Hastalarımızda izlenen maliyn tümörler optik gliom, SSS tümörleri, MPSKT, rabdomiyosarkomdur. Nörofibromatozis tip 1 zemininde gelişebilecek maliyn tümörlerin optik gliom, diğer glial SSS tümörleri, MPSKT, sarkomlar, myeloid lösemi, myelodisplazi ve myeloproliferatif bozukluklar olduğu bilinmektedir1,3,18-20. Üç hastamızda çocukluk çağının en sık karşılaşılan beniyn vasküler tümörü olan hemanjiomlar izlenmiş, bunun altta yatan NF- 1 tanısından bağımsız geliştiği düşünüldüyse de NF-1 ile hemanjiom birlikteliği daha önce bildirilmiştir21.
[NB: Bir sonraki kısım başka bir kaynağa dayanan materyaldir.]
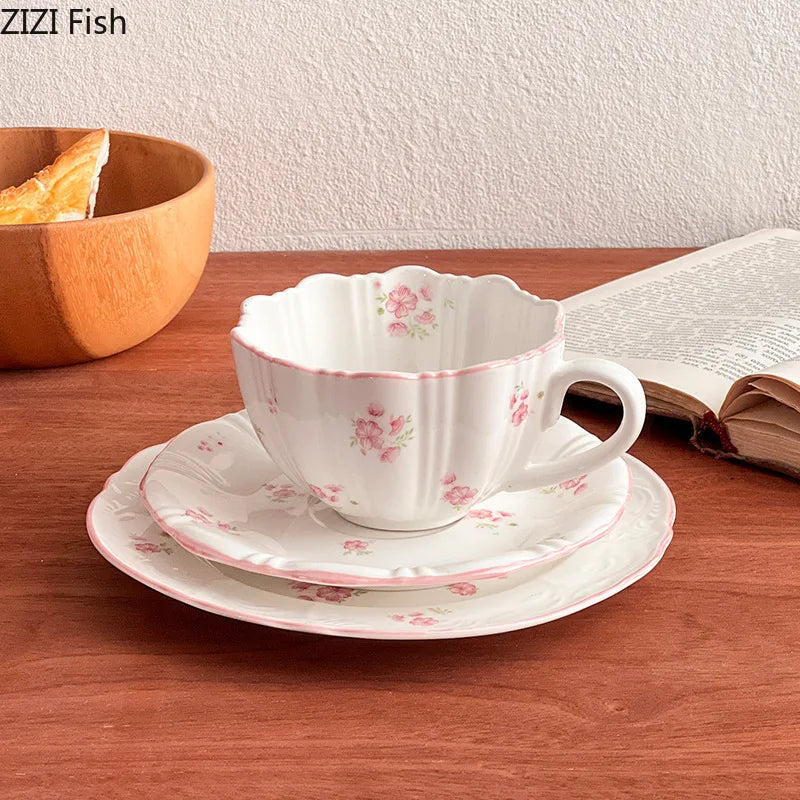 Lovely Pink Cherry Blossoms Mugs Porcelain Cup&saucer Tableware Coffee Mug Dining Table Afternoon Tea Teacup Fruits Juice Cup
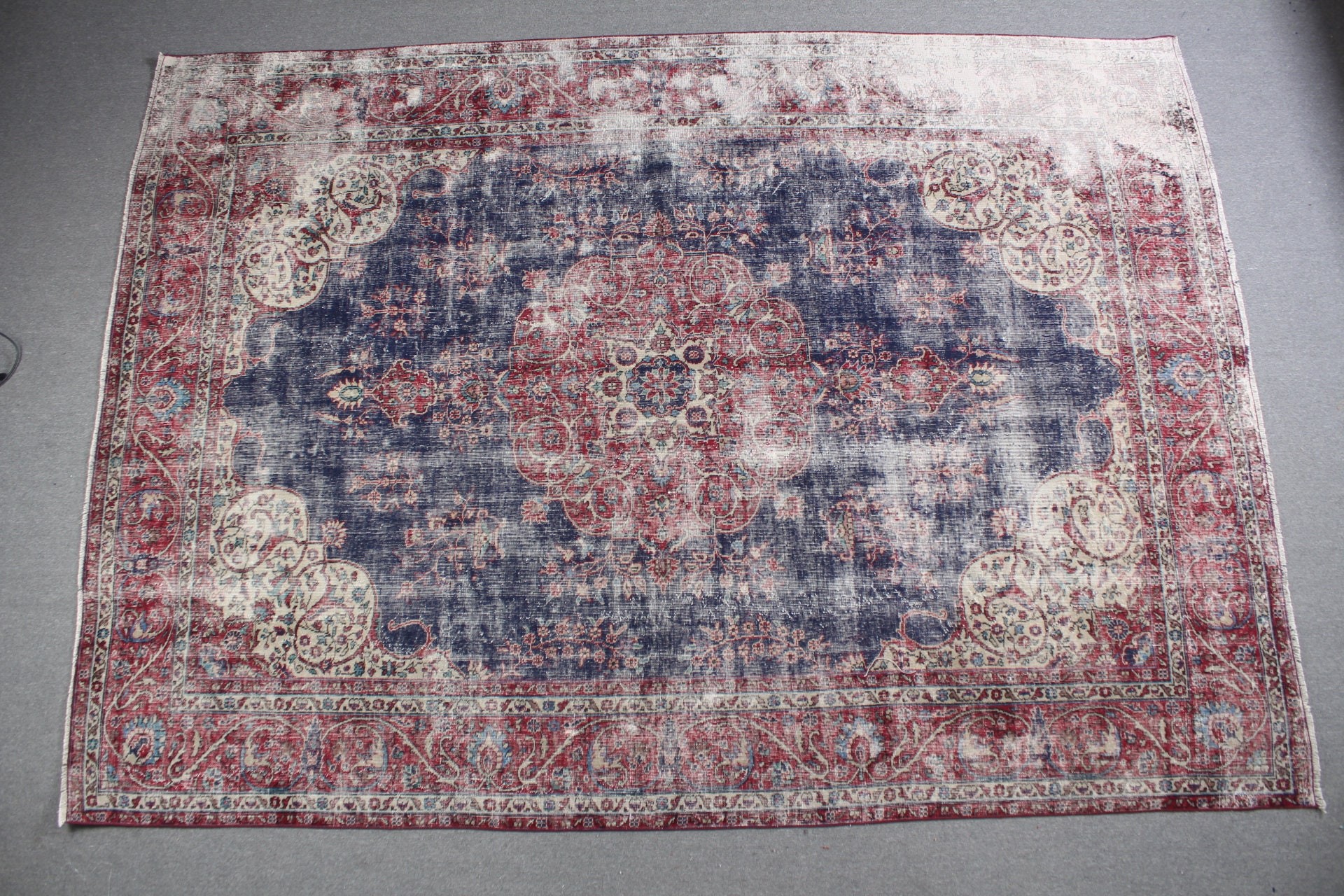 8.3x11.5 ft Büyük Boy Halı, Yatak Odası Halıları, Özel Halılar, Vintage Halı, Mavi Oryantal Halılar, Oushak Halı, Yemek Odası Halıları, Türk Halıları, Salon Halısı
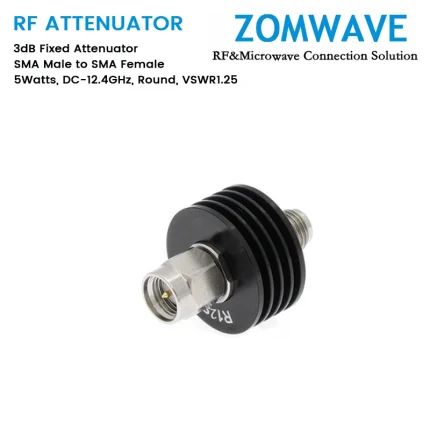 3dB Fixed Attenuator, SMA Male to SMA Female, 5Watts, DC-12.4GHz, Round, VSWR1.25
Gerek beniyn gerekse maliyn tümörlerin sıklığı ve ilişkili komplikasyonlar NF-1 tanılı çocuk hastaların izlem gerekliliğinin önemini işaret etmektedir. Hastalarımızda NF-1 zemininde %58 oranında komplikasyon gelişmiştir. Bu komplikasyonlar ya NFR, PNFR’ ların çevre dokulara uzanması ve fonksiyon kayıpları yaratmasına ya da maliyn tümörlere bağlı olarak gelişmiştir. Burada sadece bir hastada zeka geriliği olduğu tespit edilmiştir. Ancak bu seride hastaların rutin nörogelişimsel testleri yapılmadığı için gerçek oranı yansıtmayabilir. Bir hastada antidepresan tedavi gerektiren major depresyon gelişmiştir. Çocuk hastalarda NF-1 zemininde gelişen komplikasyonlar ve tümörler bu tanıyı alan çocukların multidisipliner yaklaşım ile takip edilmelerinin önemine işaret etmektedir.
Yorum
Nörofibromatozis Tip 1; klinik bulguları çocukluk çağında ortaya çıkmaya başlayan ve klinik kriterlerle tanı konabilen bir nörokutan sendromdur. Bu hasta serisinde de olduğu gibi, fizik inceleme ile saptanabilen tanısal kriterlerinin sıklığı, tanıda iyi bir fizik incelemenin önemini göstermektedir. Günümüzde görüntüleme yöntemlerindeki gelişmeler, NF-1’ in nöroradyolojik bulgularının tanımlanmasını sağlamış ve bu çalışmada da NF-1 hastalarında yüksek oranda UBO pozitifliği olduğu gösterilmiştir. Özellikle henüz klinik bulguları NF-1 kriterlerini karşılamayan küçük yaş grubunda UBO varlığının ek bir kriter olarak araştırılmasının hastaların erken tanısını sağlayabileceği düşündürmektedir. Erken tanı ile hem çocukta gelişebilecek problemlerin izlemi ve tedavisi, hem ailelere genetik danışma verilmesi sağlanabilecektir. Beniyn ve maliyn tümörlere yatkınlık ve diğer NF-1 ilişkili komplikasyonların sıklığının yüksek olması, NF-1 tanılı çocukların izleminin önemini göstermiştir.